EXERCISE OBJECTIVE
Write out the listing verbatim. No pictures belong in it.

DATA BELOW
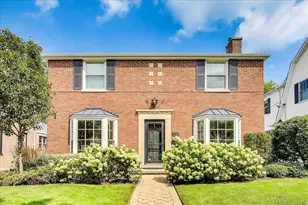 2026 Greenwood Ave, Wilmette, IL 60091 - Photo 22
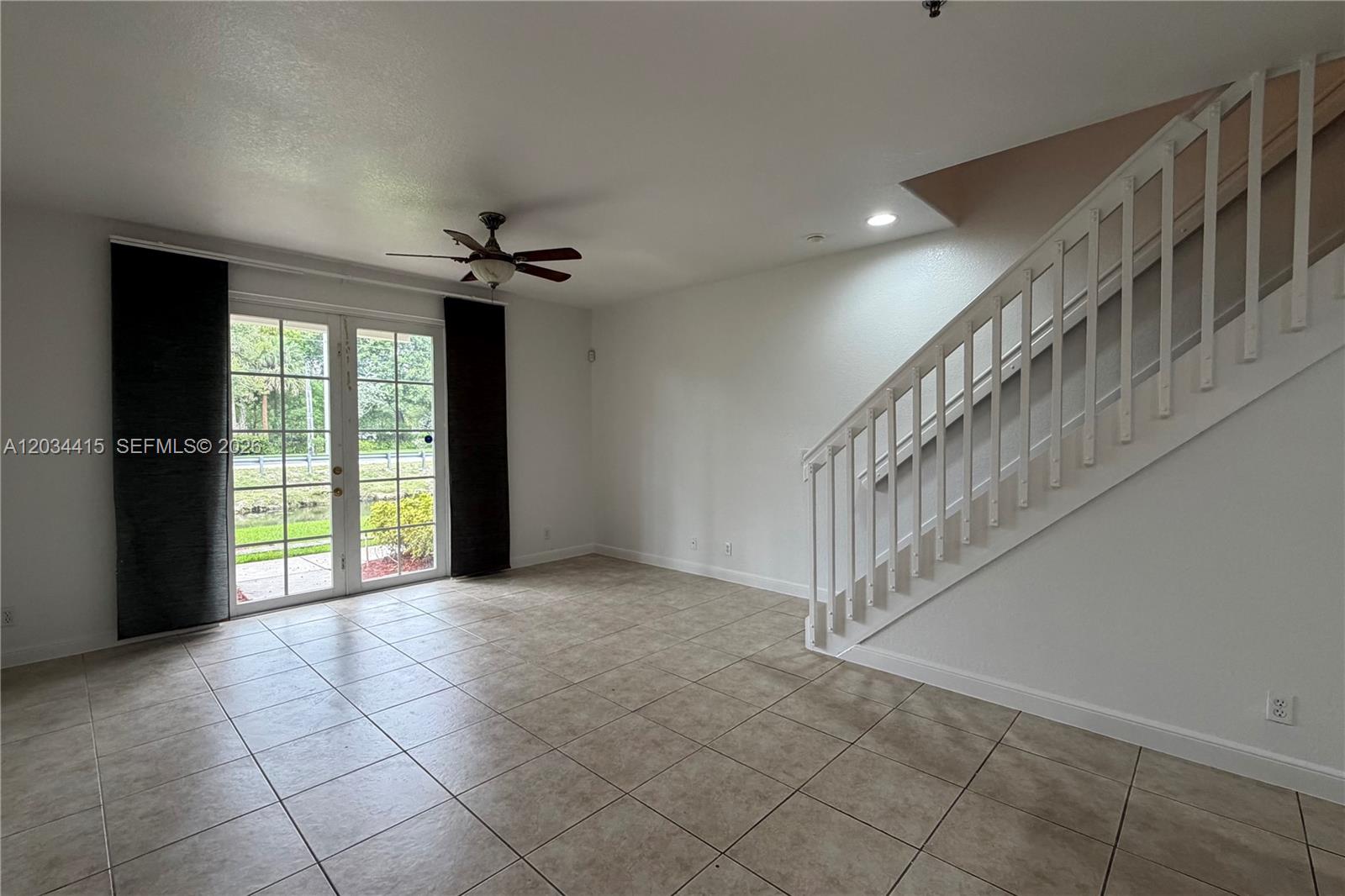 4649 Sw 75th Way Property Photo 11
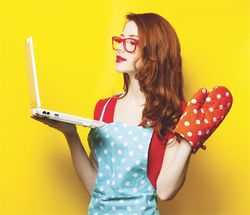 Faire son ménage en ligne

PROBLEM SOLUTION
 2026 Greenwood Ave, Wilmette, IL 60091 - Photo 22
 4649 Sw 75th Way Property Photo 11
 Faire son ménage en ligne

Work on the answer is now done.